Your task is to copy the stretch of lines in the records below that begins with the line containing "Antique Onyx Flower Ring of 10k Gold" and ends with the line containing "Photo of 255 Windgail Road", exactly as written, with nothing added.

Brief descriptive captions:
------------------------------------------------

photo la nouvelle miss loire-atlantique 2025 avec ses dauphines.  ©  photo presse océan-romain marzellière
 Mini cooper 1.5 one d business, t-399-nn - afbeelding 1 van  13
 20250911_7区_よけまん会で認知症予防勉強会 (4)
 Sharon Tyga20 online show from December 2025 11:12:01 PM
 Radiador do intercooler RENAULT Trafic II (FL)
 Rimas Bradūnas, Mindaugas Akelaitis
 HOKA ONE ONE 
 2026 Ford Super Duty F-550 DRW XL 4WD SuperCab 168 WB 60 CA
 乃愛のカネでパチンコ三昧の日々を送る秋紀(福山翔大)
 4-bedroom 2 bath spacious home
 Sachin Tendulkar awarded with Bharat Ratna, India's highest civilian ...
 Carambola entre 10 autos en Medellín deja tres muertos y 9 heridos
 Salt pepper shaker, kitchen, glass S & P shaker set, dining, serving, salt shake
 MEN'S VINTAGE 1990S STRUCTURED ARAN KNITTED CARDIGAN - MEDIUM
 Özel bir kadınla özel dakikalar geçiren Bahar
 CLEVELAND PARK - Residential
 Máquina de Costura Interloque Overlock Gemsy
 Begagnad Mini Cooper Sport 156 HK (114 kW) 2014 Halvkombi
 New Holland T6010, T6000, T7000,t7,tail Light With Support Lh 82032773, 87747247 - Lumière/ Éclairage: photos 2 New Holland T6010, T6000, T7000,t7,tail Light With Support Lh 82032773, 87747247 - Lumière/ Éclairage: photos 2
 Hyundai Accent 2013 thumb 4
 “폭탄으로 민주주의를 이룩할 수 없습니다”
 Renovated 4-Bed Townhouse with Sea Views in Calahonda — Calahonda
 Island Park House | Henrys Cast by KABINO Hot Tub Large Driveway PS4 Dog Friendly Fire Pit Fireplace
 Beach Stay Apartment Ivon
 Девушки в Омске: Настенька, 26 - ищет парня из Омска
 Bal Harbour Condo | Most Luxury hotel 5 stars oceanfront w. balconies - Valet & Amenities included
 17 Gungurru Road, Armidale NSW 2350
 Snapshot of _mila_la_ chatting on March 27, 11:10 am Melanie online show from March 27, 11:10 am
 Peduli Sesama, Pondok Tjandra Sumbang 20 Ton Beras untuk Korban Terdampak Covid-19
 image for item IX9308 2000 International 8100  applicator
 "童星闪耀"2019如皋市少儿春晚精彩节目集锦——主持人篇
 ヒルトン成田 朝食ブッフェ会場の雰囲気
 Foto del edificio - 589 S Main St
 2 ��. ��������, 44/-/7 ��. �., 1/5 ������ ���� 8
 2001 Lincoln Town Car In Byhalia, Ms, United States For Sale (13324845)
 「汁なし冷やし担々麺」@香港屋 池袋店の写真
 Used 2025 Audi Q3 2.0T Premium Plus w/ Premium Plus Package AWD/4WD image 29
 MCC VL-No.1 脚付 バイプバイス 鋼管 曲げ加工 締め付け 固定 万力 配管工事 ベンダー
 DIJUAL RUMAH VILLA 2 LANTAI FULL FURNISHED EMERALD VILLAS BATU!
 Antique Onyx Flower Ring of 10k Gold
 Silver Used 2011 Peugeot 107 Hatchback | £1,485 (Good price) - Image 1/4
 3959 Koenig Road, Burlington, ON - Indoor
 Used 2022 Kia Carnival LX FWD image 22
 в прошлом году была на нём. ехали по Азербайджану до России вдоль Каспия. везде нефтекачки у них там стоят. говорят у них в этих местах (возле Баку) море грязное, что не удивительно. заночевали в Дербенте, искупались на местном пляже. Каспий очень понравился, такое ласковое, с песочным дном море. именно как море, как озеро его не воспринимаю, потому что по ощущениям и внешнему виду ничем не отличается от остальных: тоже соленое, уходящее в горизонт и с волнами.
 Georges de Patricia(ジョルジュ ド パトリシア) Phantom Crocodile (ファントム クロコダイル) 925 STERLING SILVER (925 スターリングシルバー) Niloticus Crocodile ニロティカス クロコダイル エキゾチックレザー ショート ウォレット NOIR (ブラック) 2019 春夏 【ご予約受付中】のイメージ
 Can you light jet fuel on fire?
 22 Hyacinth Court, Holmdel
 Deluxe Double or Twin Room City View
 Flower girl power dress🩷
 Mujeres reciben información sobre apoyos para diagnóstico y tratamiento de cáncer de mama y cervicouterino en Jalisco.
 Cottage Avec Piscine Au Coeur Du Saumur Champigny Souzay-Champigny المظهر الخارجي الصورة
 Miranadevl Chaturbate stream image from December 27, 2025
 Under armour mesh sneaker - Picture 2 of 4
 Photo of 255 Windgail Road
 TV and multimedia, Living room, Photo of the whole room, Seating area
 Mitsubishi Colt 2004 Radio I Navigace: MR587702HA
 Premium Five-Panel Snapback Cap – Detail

------------------------------------------------

- Response to the exercise
 Antique Onyx Flower Ring of 10k Gold
 Silver Used 2011 Peugeot 107 Hatchback | £1,485 (Good price) - Image 1/4
 3959 Koenig Road, Burlington, ON - Indoor
 Used 2022 Kia Carnival LX FWD image 22
 в прошлом году была на нём. ехали по Азербайджану до России вдоль Каспия. везде нефтекачки у них там стоят. говорят у них в этих местах (возле Баку) море грязное, что не удивительно. заночевали в Дербенте, искупались на местном пляже. Каспий очень понравился, такое ласковое, с песочным дном море. именно как море, как озеро его не воспринимаю, потому что по ощущениям и внешнему виду ничем не отличается от остальных: тоже соленое, уходящее в горизонт и с волнами.
 Georges de Patricia(ジョルジュ ド パトリシア) Phantom Crocodile (ファントム クロコダイル) 925 STERLING SILVER (925 スターリングシルバー) Niloticus Crocodile ニロティカス クロコダイル エキゾチックレザー ショート ウォレット NOIR (ブラック) 2019 春夏 【ご予約受付中】のイメージ
 Can you light jet fuel on fire?
 22 Hyacinth Court, Holmdel
 Deluxe Double or Twin Room City View
 Flower girl power dress🩷
 Mujeres reciben información sobre apoyos para diagnóstico y tratamiento de cáncer de mama y cervicouterino en Jalisco.
 Cottage Avec Piscine Au Coeur Du Saumur Champigny Souzay-Champigny المظهر الخارجي الصورة
 Miranadevl Chaturbate stream image from December 27, 2025
 Under armour mesh sneaker - Picture 2 of 4
 Photo of 255 Windgail Road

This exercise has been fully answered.